Kate Shugak was not notorious for a timorous lifestyle but Dischner took this without a blink. "She certainly can't."
"But Arctic Investors doesn't ring a bell?"
"I'm afraid not." "Pity." She smiled.
"Isn't it." He smiled back.
When the music ended Dischner bent his elegant gray head over her hand, expressed his gratitude and pleasure at their dance, his desolation at its premature ending, and looked forward with great anticipation to the next time before ushering her off the floor with all the panache of a courtier escorting a member of the royal family. It made a good impression on nearly everyone watching, the dignified, distinguished older man escorting the bright, beautiful young woman. Nearly everyone, that is, except Ekaterina, whose face was stony with a disapproval Kate could feel from fifty feet away.
"Really," Dischner said when they returned to the little group, "that has to be the top of the evening for me." He turned to Lew. "A few words before I head for the barn, Lew?" "Of course, Edgar," Lew said. "You don't mind, do you, honey? Ha HAH!" He pressed a hasty kiss on Axenia's cheek.
They left. Axenia, a little forlorn, drifted off. Harvey and Billy hit the buffet. John King reclaimed his brunette and disappeared. Kate turned and met Ekaterina's condemning gaze with a cool, steady, unapologetic one of her own. To the surprise of them both, her grandmother's gaze was the first to fall.
The party began to break up at one o'clock, when the open bars stopped serving. Jack and Kate gave Ekaterina a ride back to her hotel, Ekaterina's attempt to take a cab thwarted by Kate's insistence that she come with them. By now Ekaterina was too tired to hide it anymore, and when they pulled into the Sheraton's driveway, Kate hopped out to open her door and escort her up to her room. Ekaterina leaned heavily on her granddaughter's arm all the way, and sat down on the edge of her bed to rub her left arm, her face weary.
"What's the matter with that arm, emaa?" Kate said. "You've been rubbing at it for days now." Ekaterina's hand dropped. "I told you, Katya. A little rheumatism in the elbow. Don't fuss." She looked across at her granddaughter, brave in bright red jacket and black silk pants. "You do look beautiful, Katya. I was proud of you tonight."

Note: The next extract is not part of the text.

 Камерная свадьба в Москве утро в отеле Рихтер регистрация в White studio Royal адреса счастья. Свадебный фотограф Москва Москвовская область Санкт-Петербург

In thirty-three years, it was the first time Ekaterina had ever admitted to being proud of Kate. Not when she had graduated from high school, not when she had graduated from college, certainly not when she had become the star of the Anchorage D. A."s investigators' staff. Her voice huskier than usual, Kate said, "No more beautiful than you, emaa."
"Oh for heaven's sake, girl." Ekaterina looked exasperated. "Just say thank you, do you think you can do that much for me?" "Fine," Kate said, annoyed. "Thank you." She raised her eyebrows in exaggerated inquiry, as if to say, Are you happy now?

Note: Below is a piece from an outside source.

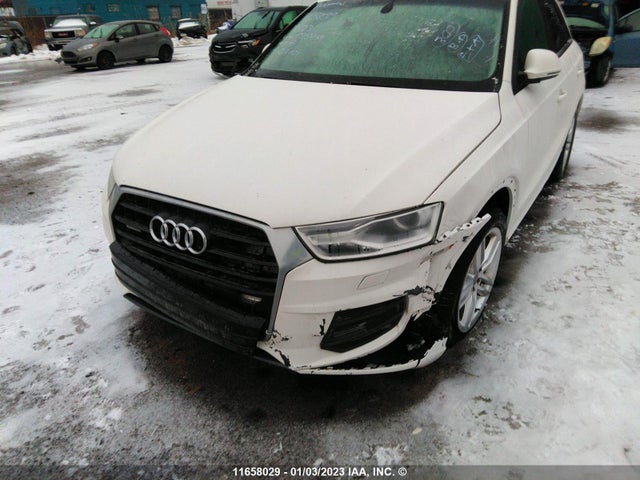 WA1ECCFSXJR035479 Audi Q3 PREMIUM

Not quite through gritted teeth Ekaterina said, "You're welcome."
"Fine."
"Good."
They glared at each other. Ekaterina smiled first, a sudden, reluctant smile that broke the tension, and waved a hand. "Go on. Go home. I'm tired. I want my bed."
Kate hesitated with one hand on the door. "Emaa?"
"What?"
She turned her head to meet her grandmother's eyes. "This job I'm doing for you--"
The amusement on Ekaterina's face vanished. "Yes?"
"We may find out some things we don't want to know, about people close to us." Ekaterina said nothing. Kate held her gaze for as long as she could. "Well. Goodnight, emaa."
"Goodnight, Katya."
Back at the townhouse, Jack paid off the babysitter, who thank God had her own car, and followed Kate upstairs, bent on seduction. Early in the evening he'd promised himself a long, slow removal of Kate's personally selected gift wrapping, one scrap of silk at a time, his reward for the longest evening of his life. He took the steps two by two, only to skid to a halt in the doorway, his face falling. Kate was down to her black lace skivvies already and was in the act of covering them up again with blue jeans and T-shirt. "What the hell?"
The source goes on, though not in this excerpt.